Fallon junior golfer Corbin Waite follows through on a putt during Monday's practice at the Fallon Golf Course.

Fallon junior golfer Corbin Waite follows through on a putt during Monday's practice at the Fallon Golf Course.

The short game is where the scoring drops.

It is also where the focus of Fallon boys coach Rich Evans has been during the first several weeks of practice.

Last season the Greenwave’s short game stood in their way of qualifying for the Division I-A state tournament. This year, however, Evans is determined to have his players improve their chipping, putting and overall standing in league play.

Fallon opens the season March 19 at Fernley and March 20 in Dayton. The Greenwave, though, will not host a tournament this season.

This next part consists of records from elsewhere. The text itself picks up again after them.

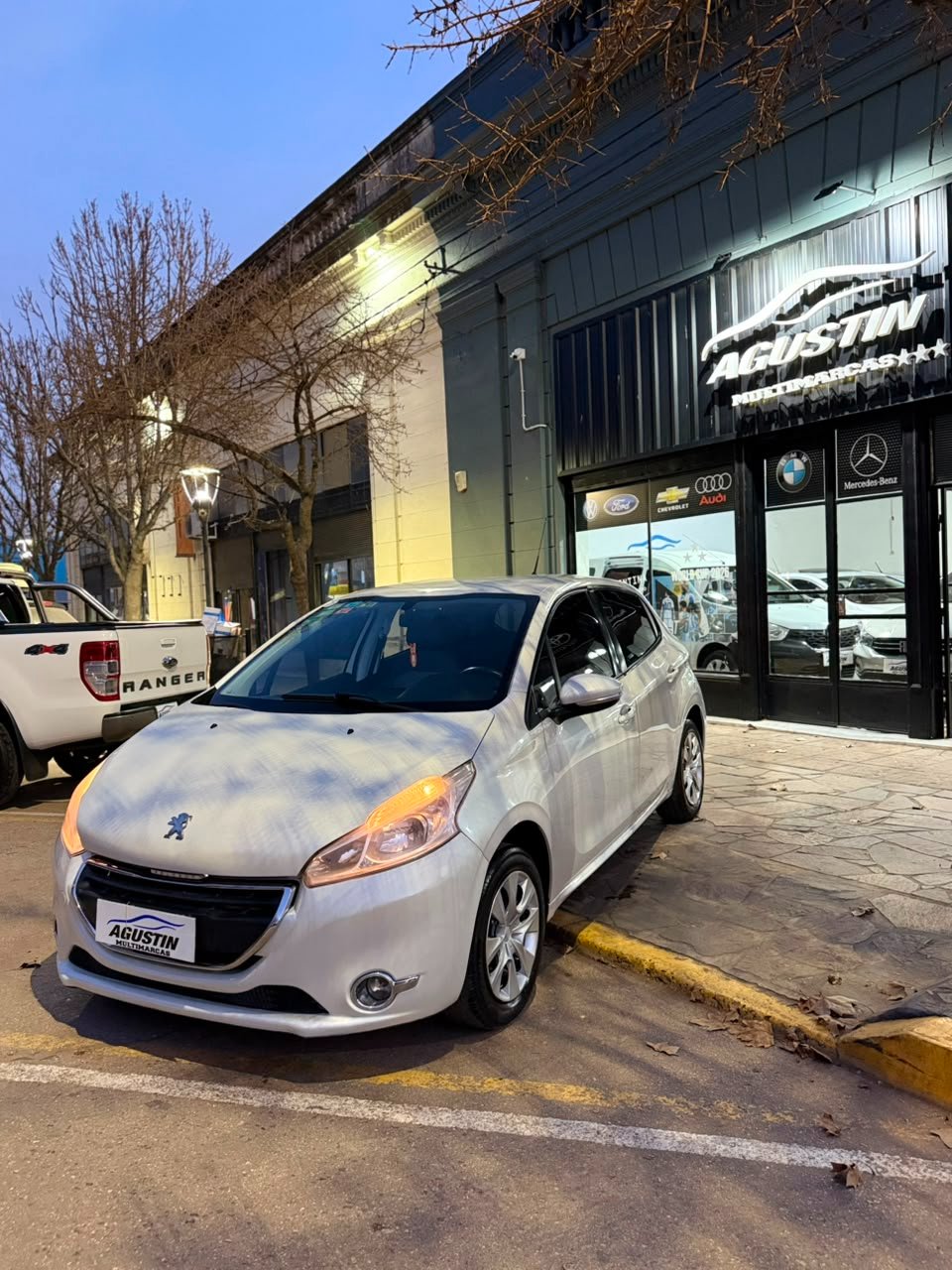 Peugeot 208 ACTIVE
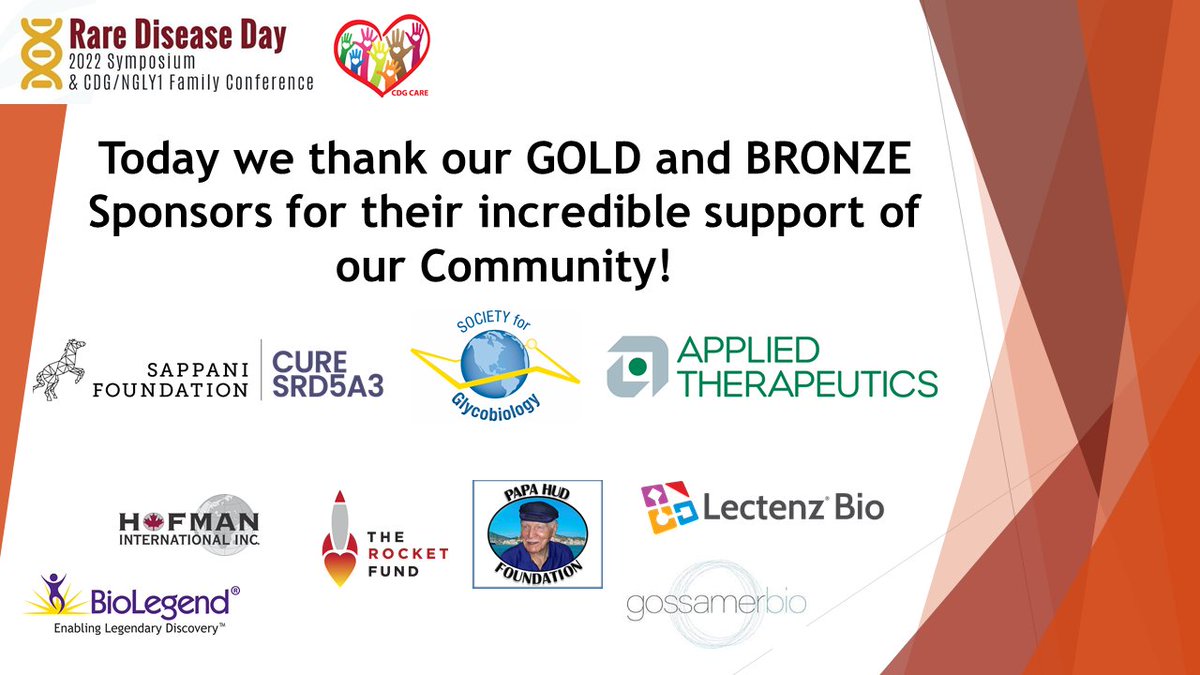 SappaniFDN's tweet photo. Sappani Foundation and @CureSrd5a3 are pleased to support the research work at @sbpdiscovery and @CDGCAREorg . We also support @cdgcanada on research work in Canada.  #RareDisease https://t.co/w8r9hil3zC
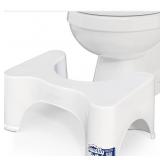 Squatty Potty Approx. 9 1/2", White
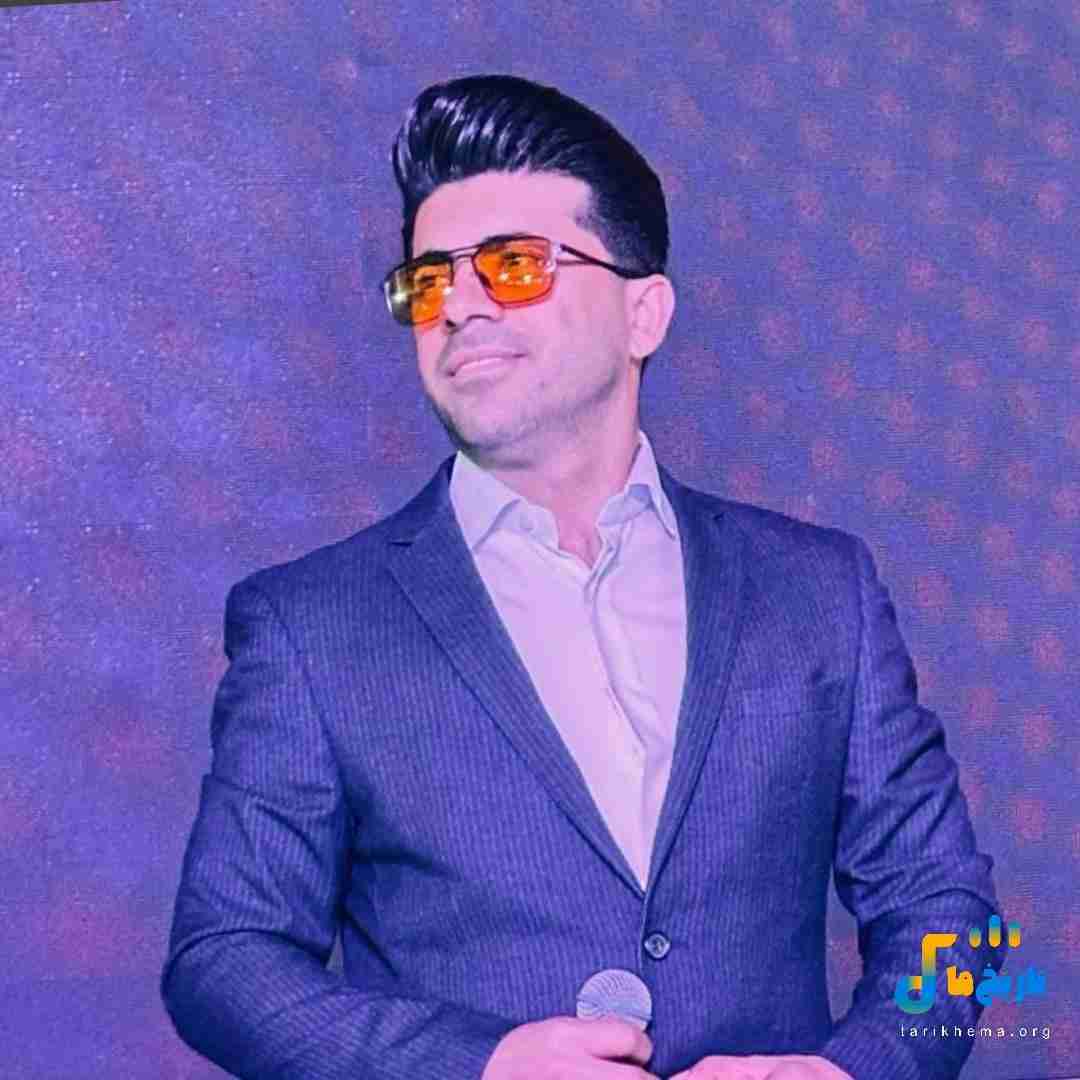 محسن احمدی تو آرزومی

“I got a lot of people coming back, two with full-time varsity experience,” he said. “They are working really hard. That state championship team (in 2011) was really hard working, and this team is trying to work just as hard.”

Despite Evans’ concerns with the short game, Fallon does return a pair of veteran players in juniors Jeff Evett and Corbin Waite. As for the other three spots, Evans said they are for the taking.

While those spots are up for grabs, Evans said freshmen Jared Humphries and Raymond Plasse and sophomore Braxton Hunter are showing promise and are pushing the returning JV players for those final varsity spots.

Those battling for a varsity position, including Ryan Stockard and Jake Kirsch, have an opportunity this weekend in Hawthorne as part of a preseason tournament.

“I know who my top three guys are,” Evans said. “The rest is kind of wait and see. We should be pretty competitive.”

Another bonus for Evans, though, is the additional of three assistant coaches, Nate Waite, Ed Plasse and Dennis Rash. In previous seasons, Evans and one assistant, if available, would be on hand to coach about 20 golfers.

This season, though, Evans can break the athletes up into smaller groups for a more hands-on approach.

“Each of us can work with four kids individually and that makes a big, big difference,” he added. “When it was 22 kids and just me, it was hard.”

As for the short game, Evans analyzed last season’s efficiency, or lack of, on the course. As a result, his coaching methods have revolved around more situational chipping and putting.

“We could have been a lot better at chipping and putting,” Evans said. “It’s a big difference with the short game. It’s the short game that scores.”

Standing the Wave’s pursuit of a third state title in program history is defending I-A champ Lowry. The Buckaroos return the core of last year’s team.

“Lowry’s going to be loaded, and they didn’t lose anybody,” Evans said. “We’re hoping to peak right around state time.”